Please use this identifier to cite or link to this item: https://repository.iimb.ac.in/handle/123456789/3938
Title: Application of behavioral finance to the Indian context
Authors: Krishna, Sundaresan R 
Issue Date: 2005
Publisher: Indian Institute of Management Bangalore
Series/Report no.: Contemporary Concerns Study;CCS.PGP.P5-013
Abstract: The field of behavioral finance is not new. Many investors have long considered that psychology plays a key role in determining the behavior of markets. However it is only in recent times that a series of concerted formal studies have been undertaken in this area. Amos Tversky and Daniel Kahneman’s papers on decision frames (1979) played a seminal role. The results of these studies were at variance with the rational, self-interested decision-maker posited by traditional finance and economics theory.

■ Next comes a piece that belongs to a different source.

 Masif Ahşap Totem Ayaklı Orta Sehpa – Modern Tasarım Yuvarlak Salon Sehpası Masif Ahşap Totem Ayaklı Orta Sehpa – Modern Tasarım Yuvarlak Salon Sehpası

Thaler (1993) defines behavioral finance as ‘simply open-minded finance’ claiming that ‘sometimes in order to find the solution to an [financial] empirical puzzle it is necessary to entertain the possibility that some of the agents in the economy behave less than fully rationally some of the time’. Thaler and Barberis (2002) also break down the field of study into two viz. Limits to arbitrage and Psychology. Limits to arbitrage claims that the market actions by irrational agents can cause dislocations which can persist as they cannot be undone by rational agents. Psychology on the other hand deals with the kind of irrationality displayed by agents and their effect on the market.